The interfaith prayer gathering at Assisi Oct. 27 draws attention to the mystery of the human person. There, holy people, people whose focus is on the Divine, gathered in startling diversity.

One might think devotion to the one God would inspire humanity with visible unity in worship and belief. Indeed, the Catholic belief is that such unity will one day be a reality.

However, God has implanted in each person, not only a yearning to be one with the divine, but also a soul that walks a unique path. God comes in the person of Jesus, but even before that, each person has struck out on a journey to God.

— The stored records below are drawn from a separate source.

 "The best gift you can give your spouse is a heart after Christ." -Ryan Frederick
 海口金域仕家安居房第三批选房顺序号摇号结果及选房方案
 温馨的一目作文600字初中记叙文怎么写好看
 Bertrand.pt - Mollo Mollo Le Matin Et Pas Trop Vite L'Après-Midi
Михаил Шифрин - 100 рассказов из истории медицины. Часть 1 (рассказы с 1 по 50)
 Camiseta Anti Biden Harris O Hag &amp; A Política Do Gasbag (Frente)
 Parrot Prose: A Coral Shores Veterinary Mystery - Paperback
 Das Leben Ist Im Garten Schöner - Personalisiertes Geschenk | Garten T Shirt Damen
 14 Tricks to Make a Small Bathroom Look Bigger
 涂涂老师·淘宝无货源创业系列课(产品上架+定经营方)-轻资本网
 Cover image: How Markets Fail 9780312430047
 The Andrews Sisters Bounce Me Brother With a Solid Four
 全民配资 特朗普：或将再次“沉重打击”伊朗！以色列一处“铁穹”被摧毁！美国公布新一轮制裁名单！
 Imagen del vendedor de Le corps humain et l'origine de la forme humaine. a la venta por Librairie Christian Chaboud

The situations of persons in different cultures, in different natural environments, have provoked diverse forms of journey. There is the man in the jungle, the woman in the high Andes and the nomad in the desert. Each walks a different path and employs a different form of worship.

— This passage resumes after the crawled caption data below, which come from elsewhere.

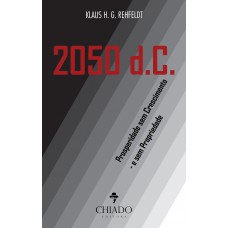 2050 D.C. - Prosperidade sem crescimento - e sem propriedade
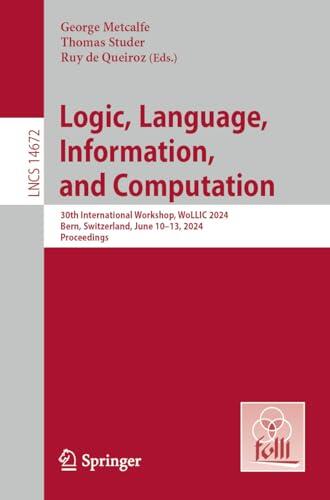Logic, Language, Information, and Computation: 30th International Workshop, WoLLIC 2024, Bern, Switzerland, June 10–13, 2024, Proceedings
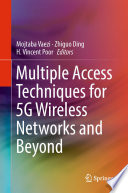 Multiple access techniques for 5G wireless networks and beyond Mojtaba Vaezi, Zhiguo Ding, H. Vincent Poor, editors.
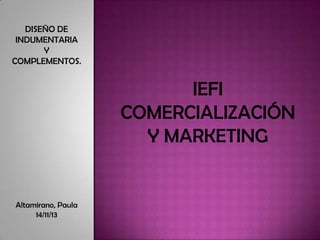 DISEÑO DE
INDUMENTARIA
Y
COMPLEMENTOS.

IEFI
COMERCIALIZACIÓN
Y MARKETING

Altamirano, Paula
14/11/13

 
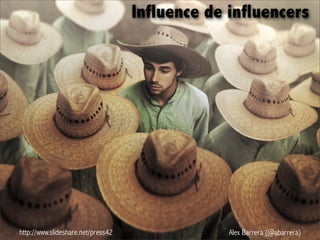 http://www.slideshare.net/press42 Alex Barrera (@abarrera)
Influence de influencers
 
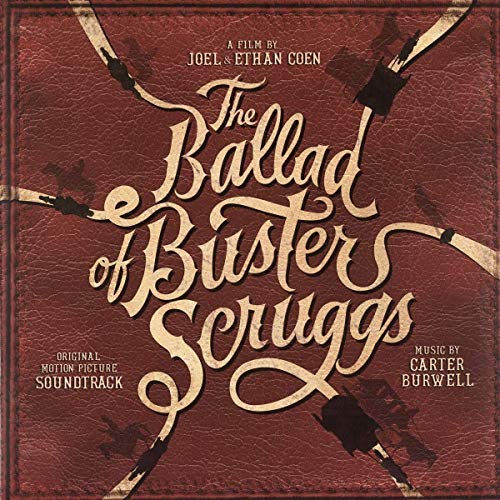 Carter Burwell - The Ballad of Buster Scruggs  [VINYL]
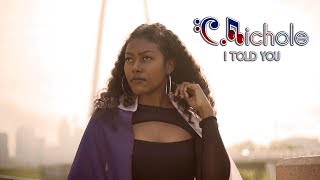 C.Nichole - I Told You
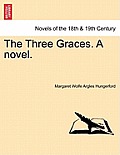 The Three Graces. a Novel.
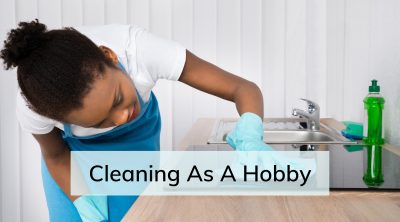 Cleaning as a Hobby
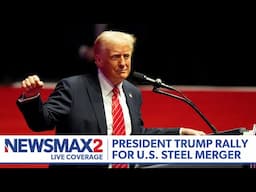 LIVE: President Donald Trump Rally in Pittsburgh For U.S. Steel Merger | NEWSMAX2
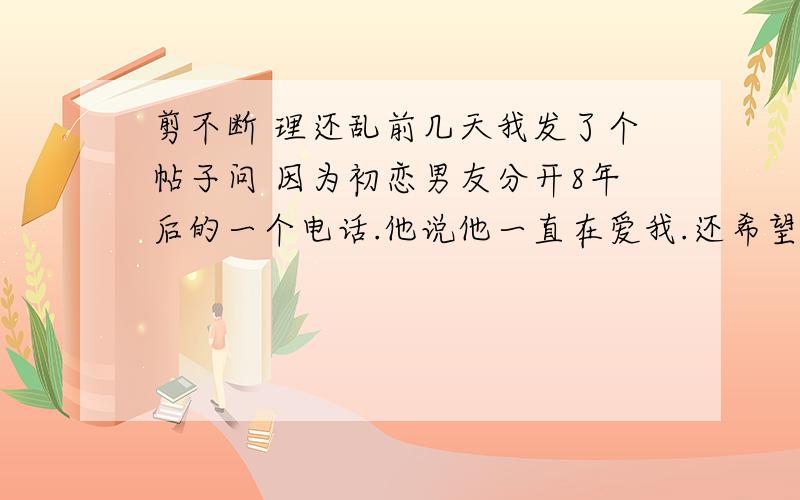 剪不断 理还乱前几天我发了个帖子问 因为初恋男友分开8年后的一个电话.他说他一直在爱我.还希望我们可以复合 让我也能经常联系他 但是我知道.这个是不可能的 虽然我被感动到了 但.过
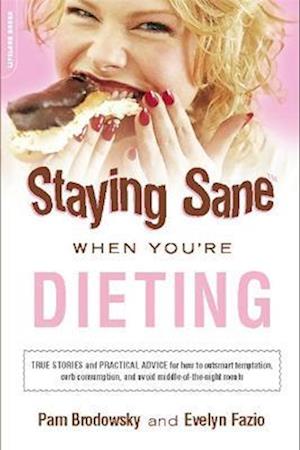 Staying Sane When You're Dieting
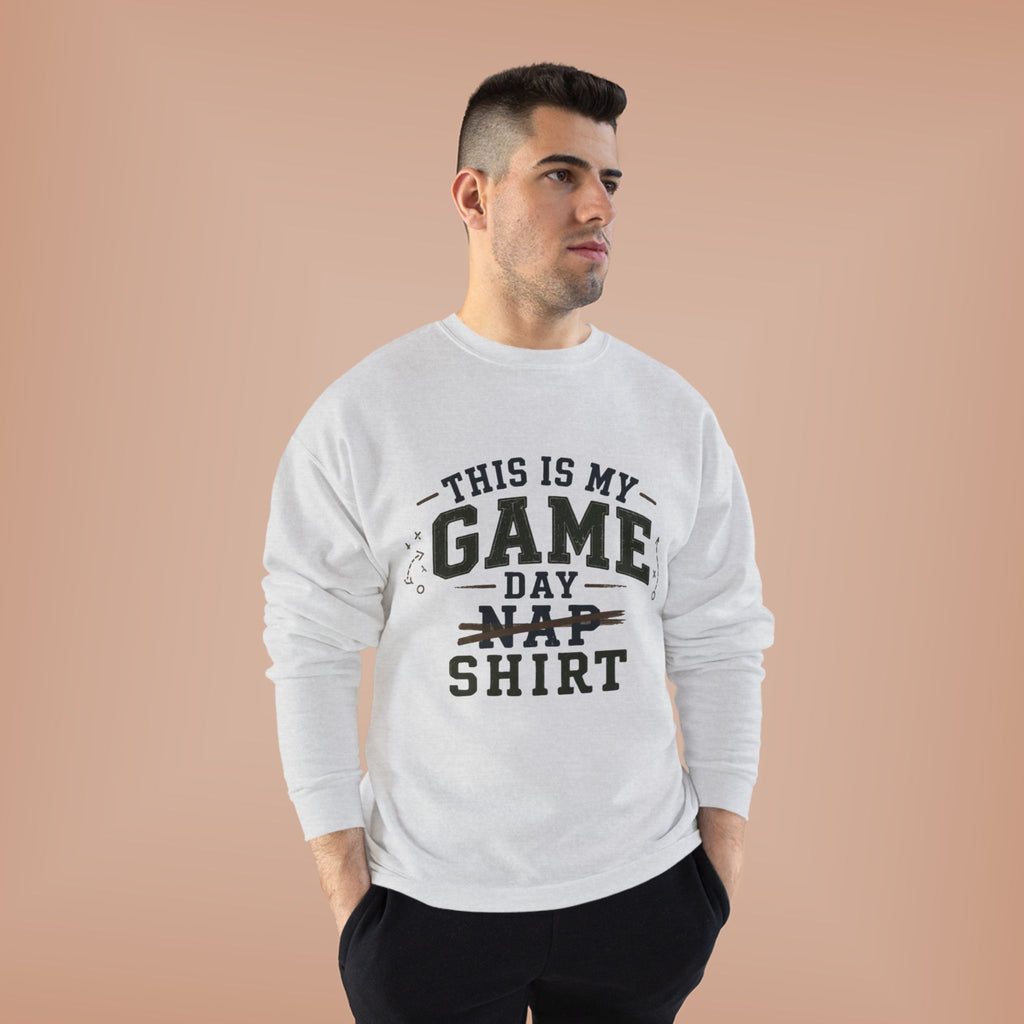 Dad Sweatshirt – "This Is My Game Day Nap Shirt" Cozy Crewneck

What is most striking? Is it that the forms of worship are so different or is it that such different persons have all been drawn to worship in some way? Is the diversity of worship a scandal or is it a sign that the Divine is so beyond human knowing that each effort to see it can only catch one miniscule, fleeting glimpse of the Transcendent?

The mystery of the human person, however, is seen not only in religion. Try to understand the nature of a creature who might become, on one hand, a mass murderer or, on the other, a Mother Teresa who left every comfort to live among dying derelicts.

What is the meaning of a creature who deliberately harms another and then, realizing that fault, turns around and asks for forgiveness, asks that the wrong be undone? On the other side, there is the person who has been wronged. He or she might react with a lifetime of seeking revenge or, alternatively, with total forgiveness.

The human person is a creature of laughter and of tears, of astounding intelligence and of wilful ignorance.

Behavioural science in the 20th century maintained all human actions are predictable. This must be the most pathetically wrong-headed notion ever. The human person is too deep, too mysterious to be the object of sure predictions.

The Christian belief is that the human person only makes sense in the light of the cross, in the light of redemption in Jesus Christ. There, the paradoxes are heightened still further. But through the paradoxes, it is revealed that our nature is to love. Love is often distorted and sinful; other times, it raises us to a share in glory.

The last word goes to Blessed John Paul II: "Love is greater than sin, than weakness, than the 'futility of creation'; it is stronger than death; it is a love always ready to raise up and forgive . . .". In the last analysis, these diverse human creatures find fulfillment only in union with Absolute Love.